Flight Lesson #9 – Second Attempt

18 December:

I seem to have lousy luck with aircraft these days. And tomorrow, it’s supposed to have snowed nearly 2 feet, so there’s no aviation for me tomorrow, even though it’s on the calendar.


It was bizarre, too.

Before you solo, you’re required to conduct three take offs and landings and one go around with an instructor present. Then the instructor endorses your logbook, hops out of the plane and then you do three more landings on your own.

Today was perfect. Winds calm. Temperature around 24 degrees Farenheit. Nice dense air — perfect day to do this.

The first two takeoffs were great. Landings….? Well, I still don’t quite have the hang of it, so I was glad to get in a little more practice.

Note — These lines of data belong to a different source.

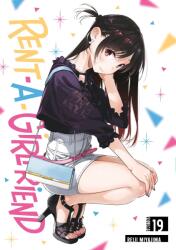 Rent-A-Girlfriend 19 (ISBN: 9781646515387)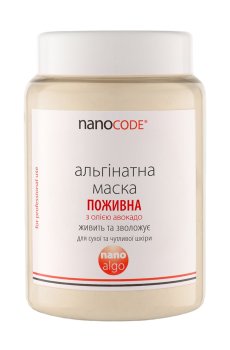 Альгинатная маска для лица NanoCode Nano Algo Питательная, для сухой и чувствительной кожи, с маслом авокадо, 140 г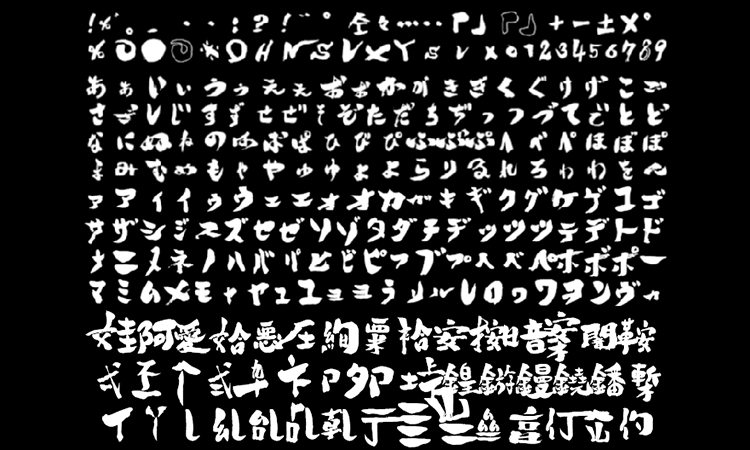 銀魂　次回予告体（大甘書道体）のサンプル2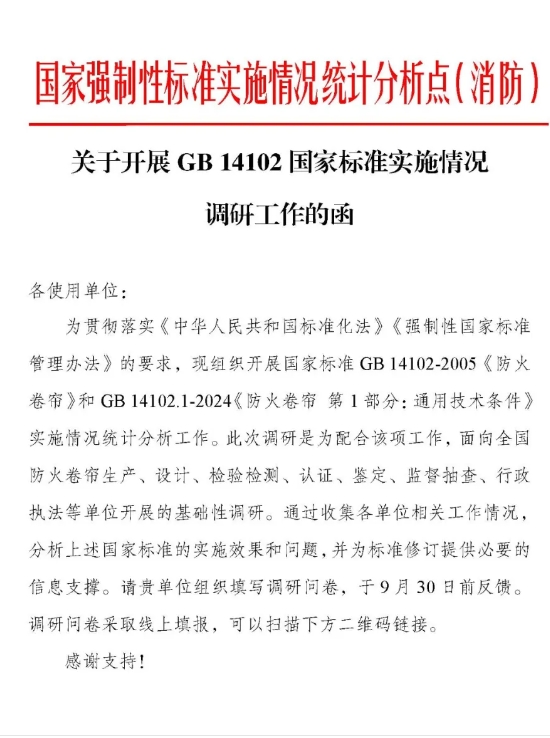 關(guān)于開展GB 14102《防火卷簾》《防火卷簾 第1部分：通用技術(shù)條件》國(guó)家標(biāo)準(zhǔn)實(shí)施情況調(diào)研工作的函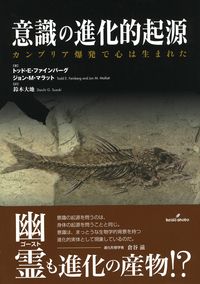 意識の進化的起源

But I got it down without too much trouble.

It was the third approach, and I was supposed to do a go-around, or an aborted takeoff. Once you throttle up and the aircraft starts to climb, you’re supposed to raise the flaps incrementally as your airspeed increases. Well, I hit the throttle and reached over and raised the flaps once, then twice, then a third time which is how it’s supposed to go. But I was still pushing like crazy on the yoke trying to keep the nose down where it belonged. All the while, Brad is trying to correct me on the go around procedure.

After a short while, I finally said to Brad, “Hey, did you adjust the trim, Cause I am pushing like crazy here.” He took the controls and felt how much I was pushing down to maintain the attitude of the aircraft, and looked to see if the trim was somehow reset. But there was no doubt that neither of us touched it for the previous three approaches.

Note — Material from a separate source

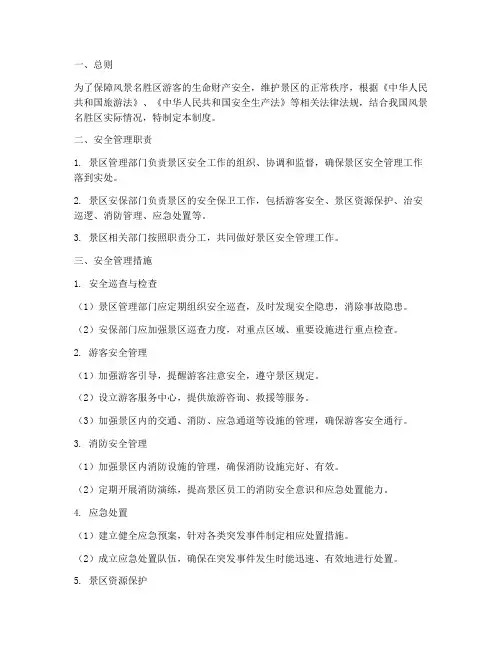 风景名胜区安全管理制度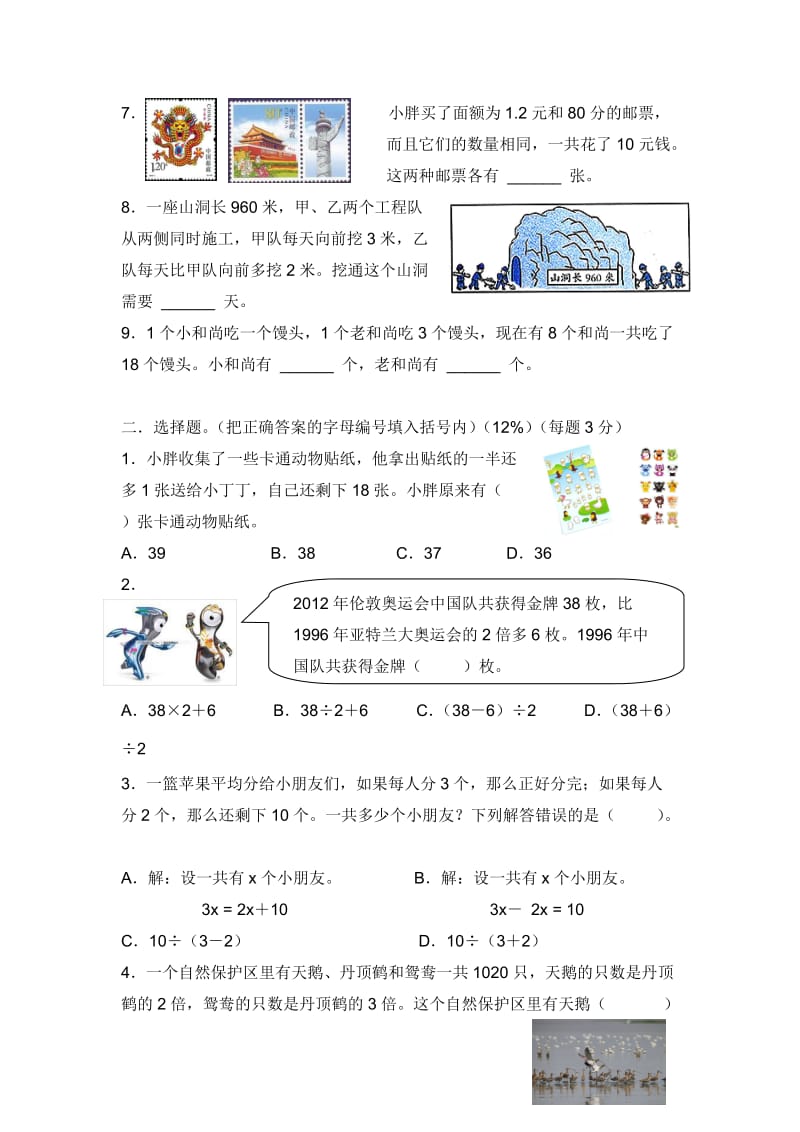 沪教版小学数学五年级(下)第三单元评估测试卷.doc_第3页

Then Brad says “Look at your flaps.” I look over my left shoulder and the flaps are still fully extended. Whoops! Brad recycles the flaps, but they stay frozen — probably literally, cause it’s cold — in the extended position. This makes for a lot of extra drag on the airplane, and it flies slower and climbs faster.

Once we figured out that the flaps were not going to go back up, we called the tower and told them we’d be going to the west ramp instead of taxiing back to do it all again.

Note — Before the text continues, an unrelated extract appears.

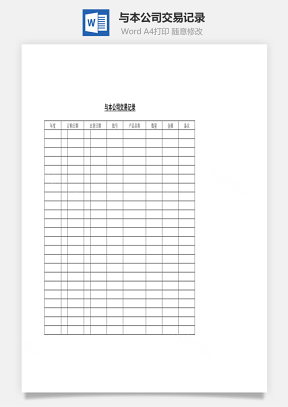 與本公司交易記錄Word文檔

It was a little different to handle, but it wasn’t difficult once I knew what the problem was. By the time I was on final, the flaps are supposed to be extended anyway, so it became a normal landing.

Once on the ground, we parked the airplane near maintenance to see if another aircraft was available, and it was, but Brad’s wasn’t. Another instructor was a definite maybe, and there was a question about whether the replacement aircraft would have been ready in time for me to go up again. So I just said “You know what? Let’s just do this another time.”

Unfortunately, “another time” will probably be mid week, since the snow’s coming, and coming fast.

Everything’s a learning point. If you succeed, you learn how to do something. If you get it wrong, you learn not to get it wrong again. If there’s an equipment failure, you learn how to deal with it systematically instead of panicking. So it’s my opinion that even though I didn’t get the solo endorsement today, even though I met the requirements and was verbally cleared, I gained so much from both the practice and the experience of yet another in-flight anomaly. It’s like old adage, anyone can steer the ship when the sea is calm.

But even rough seas have value if you learn from them.